Thanks! That answers my questions for now. Now I have to wait for the power line ethernet link to get. here (about a week)

I will still be listening in hopes that somebody might know of a speaker other than a sound bar that can be controlled by the Mini's remote. If the sound bar is my only option, I will go that way, but I'd rather not spend that much money on the Mini set up.


----------



## Tipperton (May 23, 2017)

Well I'm back but unfortunately I seem to have a problem.

First my set up:
I have a 1TB Bolt with 4 tuners in the living room and a Mini in the bedroom. The Bolt is wired to my home network via an ethernet cable, and the Mini is connected to the network using a TP-link AC750 WiFi extender. I would have preferred to use a PA4010 power line ethernet adapter but the two outlets were not on the same circuit so the two adapters couldn't connect to each other.

After hooking everything up and powering on the Mini, all I got was a display of the TiVo logo, then a message from the display saying that there was no signal, then nothing...

Any ideas what could be wrong? I hope I didn't end up with yet another defective Mini. This would be the second one.

Thanks!


----------



## krkaufman (Nov 25, 2003)

Tipperton said:


> After hooking everything up and powering on the Mini, all I got was a display of the TiVo logo, then a message from the display saying that there was no signal, then nothing...
> 
> Any ideas what could be wrong? I hope I didn't end up with yet another defective Mini. This would be the second one.


Hopefully not defective, but one hope is that pressing the little white button on the bottom of the Mini could resolve a resolution glitch. You may also want to try other HDMI cables (making the assumption that you're using HDMI, though not stated).



krkaufman said:


> Have you tried the resolution button on the bottom of the Mini?
> 
> Change the video output resolution on TiVo Mini:
> 
> ...


From: HELP! My mini has a blank screen


----------



## krkaufman (Nov 25, 2003)

Also, review this thread: HELP! My mini has a blank screen


----------



## Tipperton (May 23, 2017)

Oops! Sorry! Yes, I have the Mini hooked up via HDMI to a 7 inch screen normally sold to people who are installing a rear seat entertainment system or a backup camera in their vehicle. I have used it several times on the Bolt DVR with no problems. I'm using this screen because it does have audio so it will work as a speaker until I decide what to use permanently.

I found something in the very center on the bottom but it doesn't act like a button, I push on it but it doesn't move.

I'm also not certain that resolution is the problem because until it apparently shuts down, it does display the TiVo logo. Something it could not do if the resolution was inappropriate for the screen I'm using.
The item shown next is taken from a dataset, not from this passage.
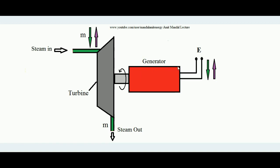Suppose the load on the generator set is less compared to the input power. The shaft will start spinning faster because the mechanical power developed in the turbine is more — it is feeding more mechanical power but the amount of power required is less. So the turbine will find it easier to rotate the shaft and will start spinning it at higher speed, which we don't want. Whenever electrical power is produced, the shaft of the generator must rotate with constant angular frequency irrespective of the electrical load.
I am blind, you'll have to tell me exactly where this button you are referring to is.

Thanks!


----------



## Tipperton (May 23, 2017)

OK, here's an update.

I got past the blank screen by unplugging the HDMI cable, then plugging in the Mini, then after several minutes plugged the HDMI cable back in, now the Mini starts up and goes all the way to the welcome screen.

Now I have a problem in that the Mini can't find my Bolt DVR, to test whether the WiFi extender is the problem I moved the Mini close enough to my router to connect it directly to it via an ethernet cable, the same router my Bolt is plugged into, and still the Mini can't find the Bolt. In case it makes a difference, the Bolt is running Experience 4.


----------



## krkaufman (Nov 25, 2003)

Do you intend to continue running TE4 on the BOLT, or were you unsure and may downgrade the BOLT back to TE3?

This is critical if setting up a Mini, as older Mini's, v1/A92 and v2/A93, are having issues downgrading from TE4 to TE3, so a Mini upgraded to TE4 may be stuck there, even if its host DVR downgrades back to TE3. (more info >here<)

ediit: p.s. And you do appear to be working with one of the Mini's vulnerable to the downgrade issue, based on your prior post:


Tipperton said:


> ... I just picked up a TiVo Mini, not the Vox or Lux versions


----------



## krkaufman (Nov 25, 2003)

Tipperton said:


> you'll have to tell me exactly where this button you are referring to is.


It's a tiny button, recessed a bit, but it can be felt ... especially when pressed and released.

The resolution button is just inward from the eyelets for wall mounting the Mini. You should be able to find the resolution button by sliding your finger towards the center of the Mini from one or the other eyelet, tracing the line that would join the eyelets, with the button being barely a half-inch from the nearest eyelet.


----------



## Tipperton (May 23, 2017)

I was hoping to eventually downgrade the Bolt back to E3 because the screen reader in E4 should be a crime.

More updates:

First I found out that the Mini needs to be activated in my account, so I added its TSN to my account manually and am now waiting for the activation to be processed.

Even so, I still got a lot further than I did before, but the Mini still could not find my Bolt.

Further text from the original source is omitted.